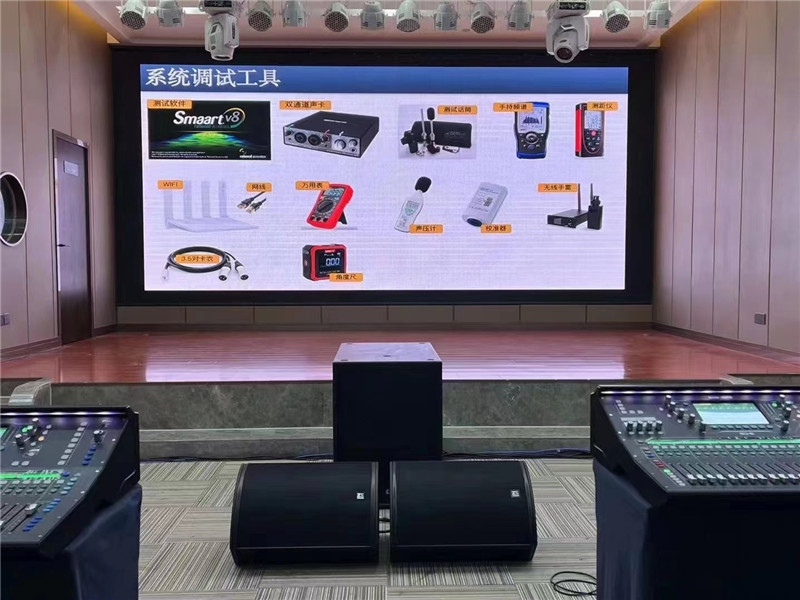 公司定期组织培训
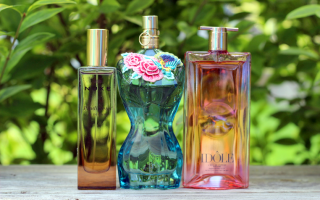 parfums d'été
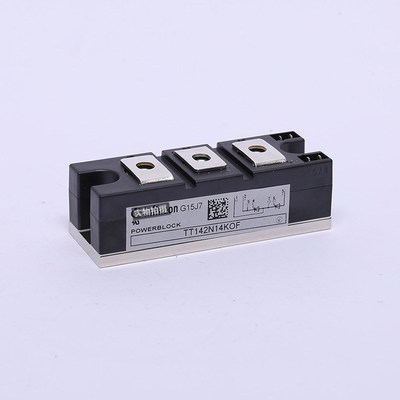 TT142N14KOF可控硅晶闸管整流桥二极管IGBT模块现货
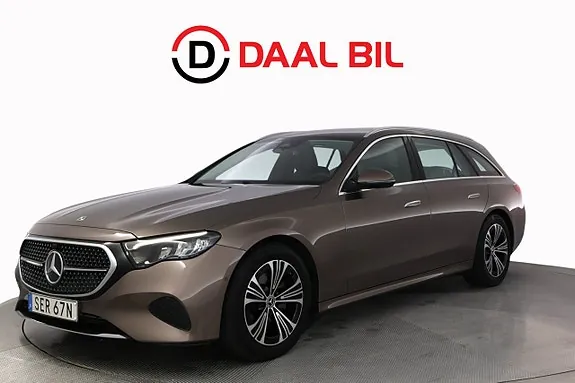 Mercedes-Benz E220 D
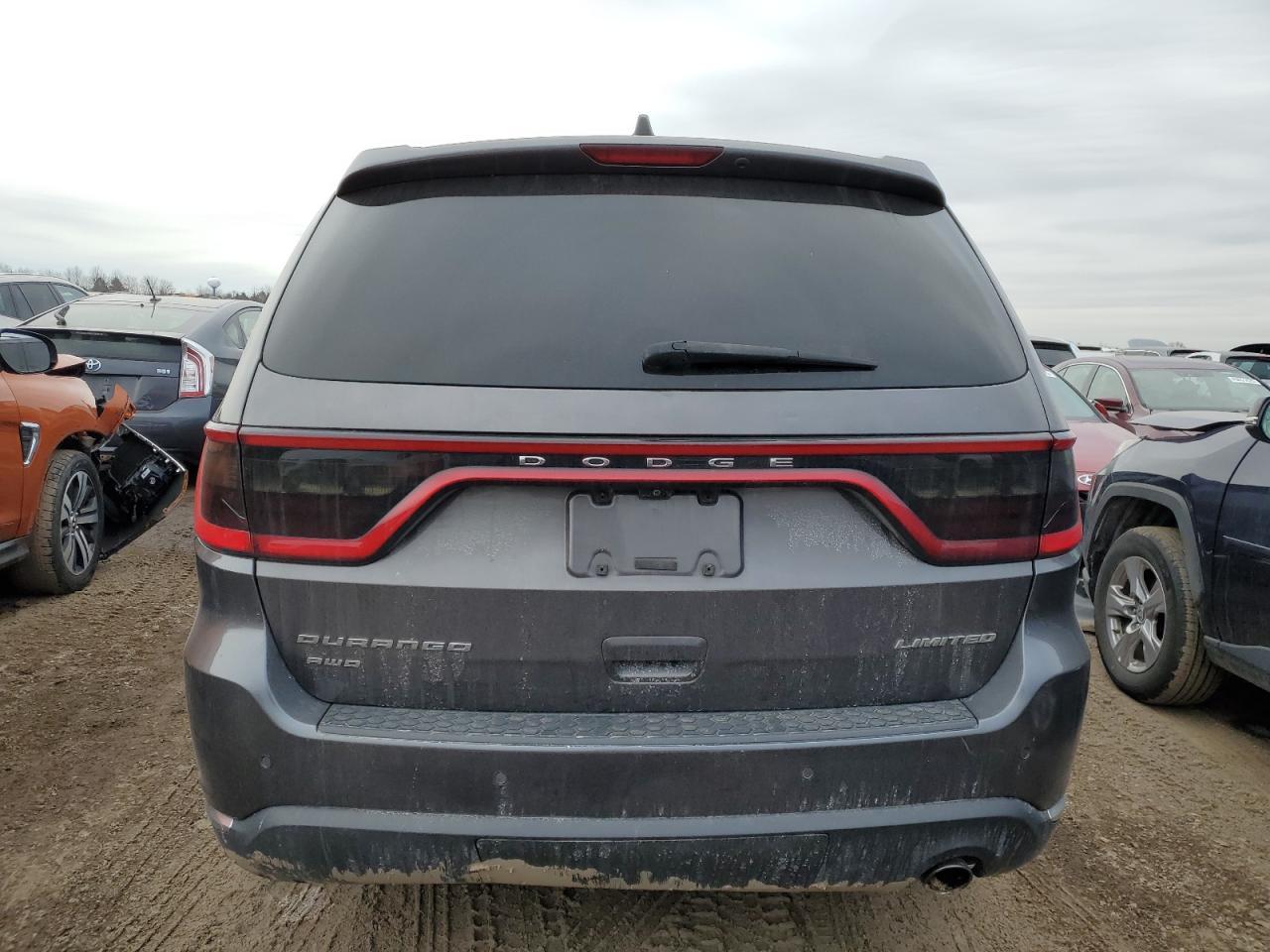 2014 DODGE DURANGO LI - Image 6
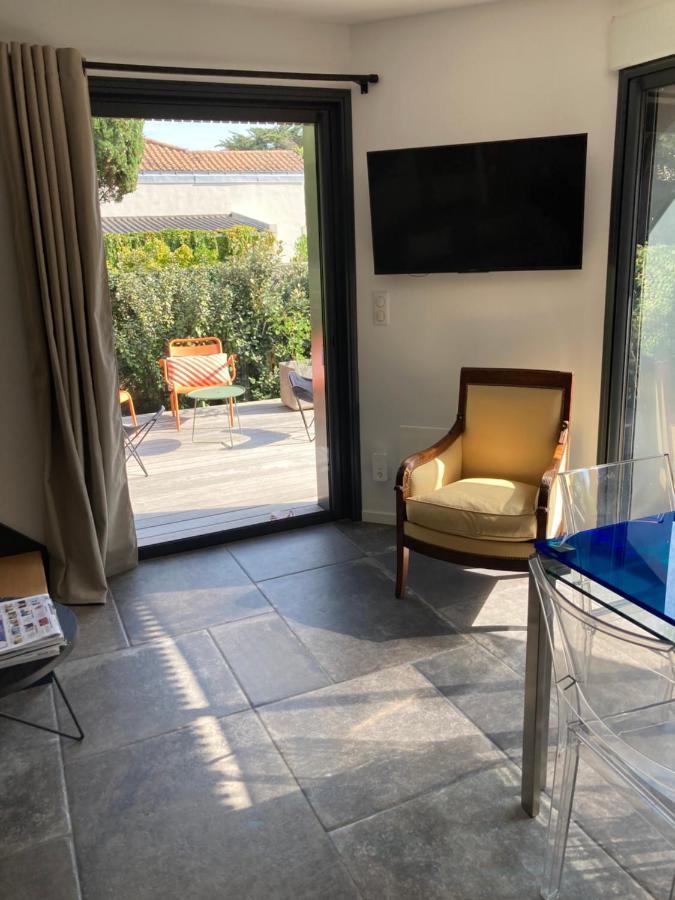 Maison A Pornichet Kültér fotó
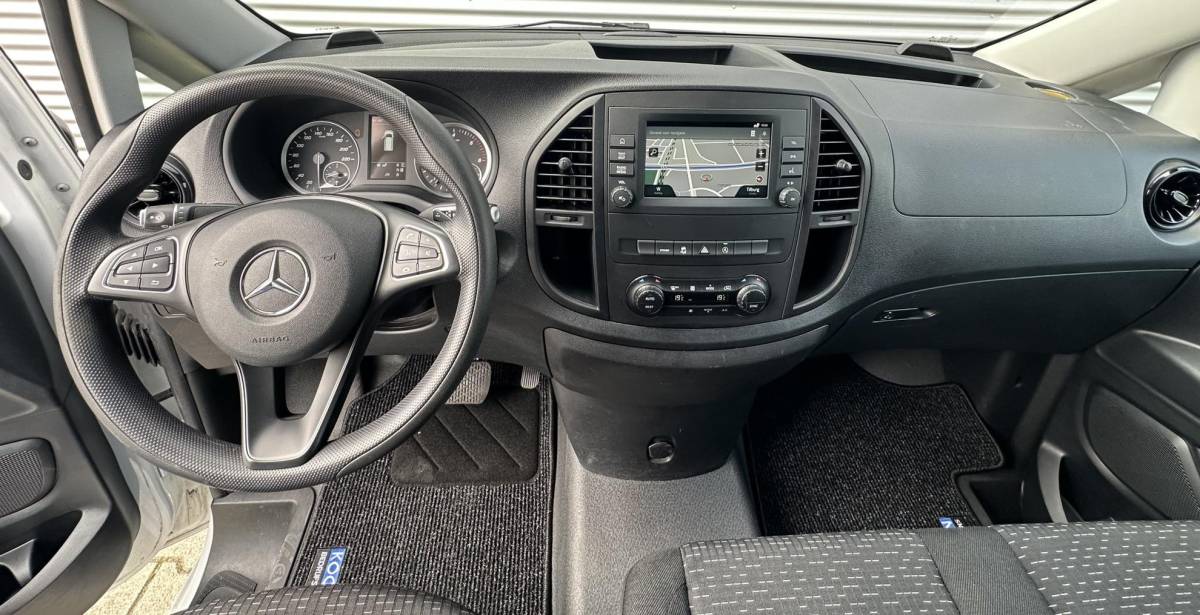 Mercedes-Benz Vito Mercedes-Benz Vito 114 CDI Lang Automaat|Navi|Cruise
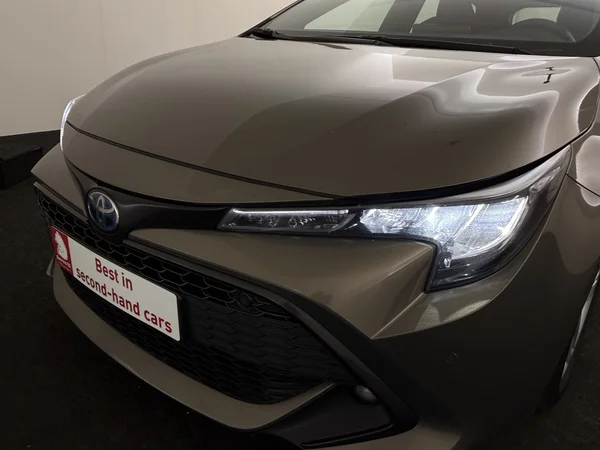 TOYOTA Corolla (2022) — foto 20 van 27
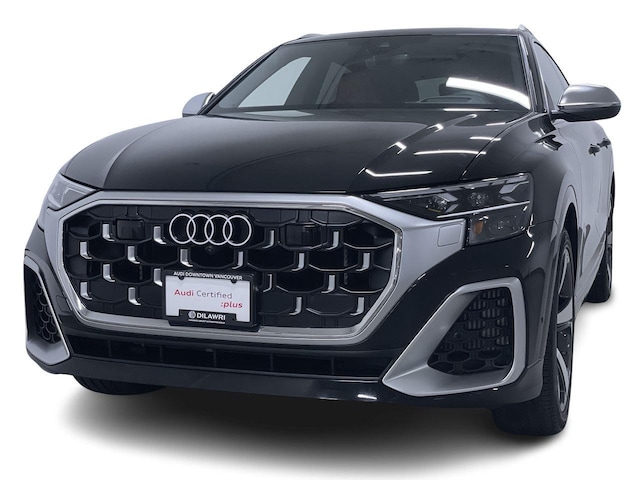 2025 Audi SQ8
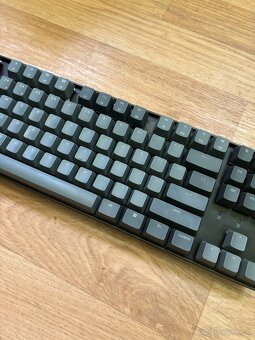 Predám Keychron K8 mechanickú klávesnicu - 2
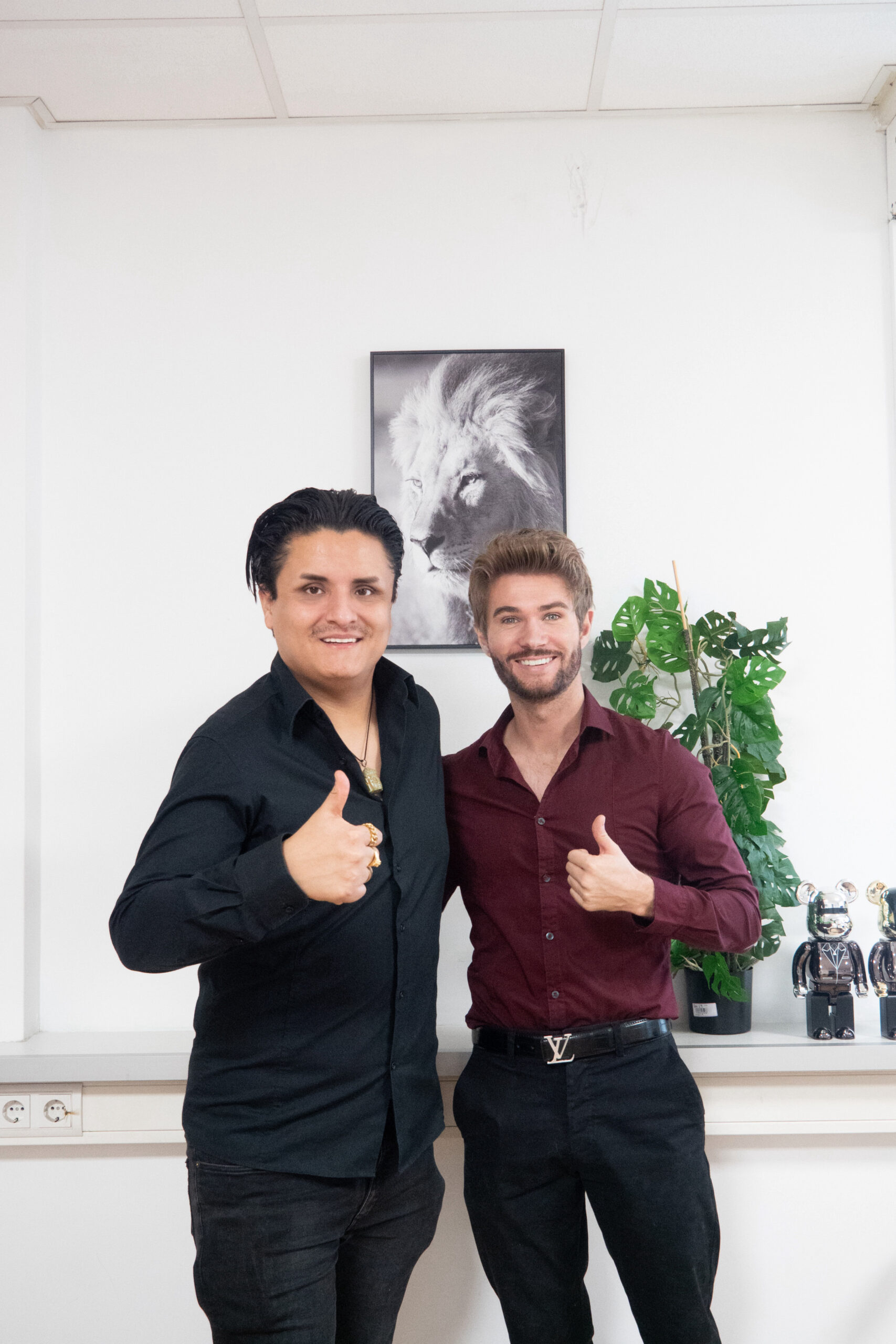 Website ontwerp door webdesignbedrijf in Almere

····················

_Exercise prompt:_ Images are to be excluded, and each record above written out word for word.

_Task solution:_
 公司定期组织培训
 parfums d'été
 TT142N14KOF可控硅晶闸管整流桥二极管IGBT模块现货
 Mercedes-Benz E220 D
 2014 DODGE DURANGO LI - Image 6
 Maison A Pornichet Kültér fotó
 Mercedes-Benz Vito Mercedes-Benz Vito 114 CDI Lang Automaat|Navi|Cruise
 TOYOTA Corolla (2022) — foto 20 van 27
 2025 Audi SQ8
 Predám Keychron K8 mechanickú klávesnicu - 2
 Website ontwerp door webdesignbedrijf in Almere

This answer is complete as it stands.